Examples
Recommended workflow
To use the available resources efficiently while ensuring your data is safely preserved, we recommend the following workflow:
- Create a working pod without GPU resources to work on your code. Ensure you are saving your work in a persistent volume. See the Persistent volume example.
- To test and debug your code, use a GPU shell. See the GPU shell example, but ensure you are correctly mounting your persistent volume. Please try to limit the time the GPU shell is running while not actively using the GPU.
- Once your code is ready, run it as a GPU workload, ensuring it automatically exits once the job is complete. See the GPU workload example.
Simple ephemeral shell
$ kubectl run --rm -it --image debian:bookworm ephemeral-shell -- /bin/bash
If you don't see a command prompt, try pressing enter.
root@ephemeral-shell:/# nproc
256
root@ephemeral-shell:/# exit
exit
Session ended, resume using 'kubectl attach ephemeral-shell -c ephemeral-shell -i -t' command when the pod is running
pod "ephemeral-shell" deleted
The shell and any files in its filesystem are deleted immediately upon exit. No data is preserved.
Simple persistent shell
Your data will not be preserved across restarts. See the next "Persistent volume" example to preserve data. We cannot recover data lost due to not using persistent volumes.

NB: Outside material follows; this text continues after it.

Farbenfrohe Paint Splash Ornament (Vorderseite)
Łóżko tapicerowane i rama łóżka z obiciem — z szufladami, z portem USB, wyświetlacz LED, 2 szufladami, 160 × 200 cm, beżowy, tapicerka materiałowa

# simple-persistent-shell.yaml
apiVersion: v1
kind: Pod
metadata:
name: simple-persistent-shell
spec:
terminationGracePeriodSeconds: 1
containers:
- name: app
image: debian:bookworm
command: ['/bin/bash', '-c', 'sleep inf']
$ # create the pod
$ kubectl apply -f simple-persistent-shell.yaml
pod/simple-persistent-shell created
$ # open a shell session
$ kubectl exec -it -f simple-persistent-shell.yaml -- bash
root@simple-persistent-shell:/# exit
exit
$ # later, delete the pod
$ kubectl delete -f simple-persistent-shell.yaml
pod "simple-persistent-shell" deleted
Persistent volume
If you want to preserve data across reboots, use a persistent volume.
# persistent-volume.yaml
apiVersion: v1
kind: PersistentVolumeClaim
metadata:
name: persistent-volume
spec:
accessModes: [ReadWriteOnce]
resources:
requests:
storage: 100Gi
# persistent-volume-shell.yaml
apiVersion: v1
kind: Pod
metadata:
name: persistent-volume-shell
spec:
volumes:
- name: my-volume
persistentVolumeClaim:
claimName: persistent-volume
terminationGracePeriodSeconds: 1
containers:
- name: app
image: debian:bookworm
command: ['/bin/bash', '-c', 'sleep inf']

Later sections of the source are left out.